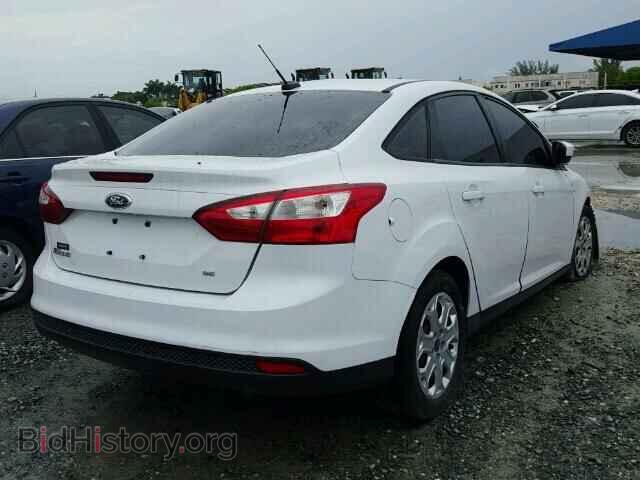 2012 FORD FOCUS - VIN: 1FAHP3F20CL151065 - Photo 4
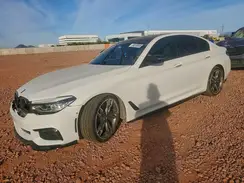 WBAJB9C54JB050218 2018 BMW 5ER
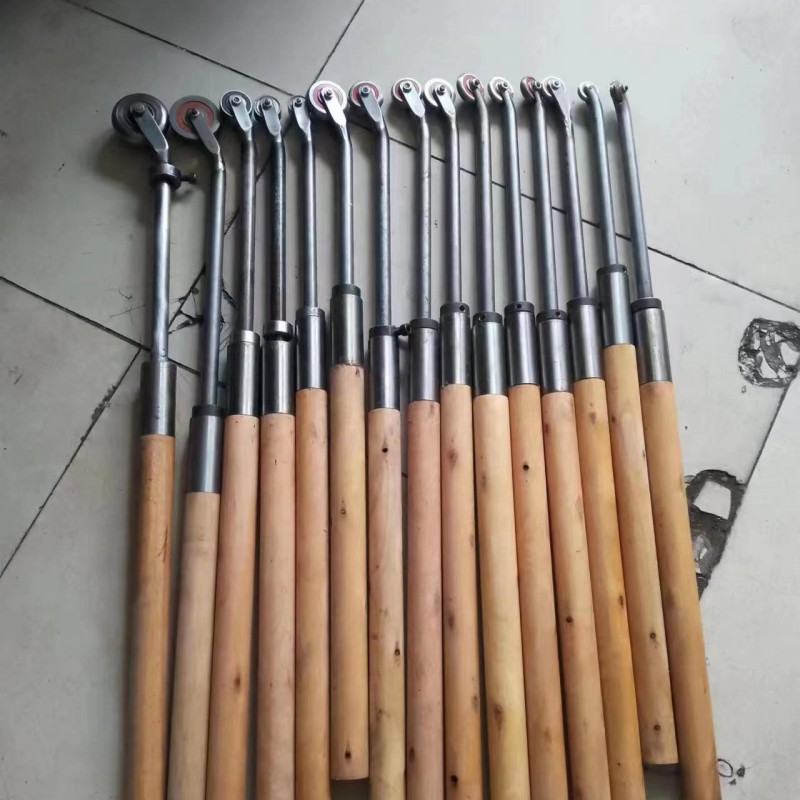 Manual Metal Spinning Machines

---------------

Copy out the lines exactly as written, beginning with the one that contains "WBAJB9C54JB050218 2018 BMW 5ER" and ending with the last line of the material; do not include pictures.

 WBAJB9C54JB050218 2018 BMW 5ER
 Manual Metal Spinning Machines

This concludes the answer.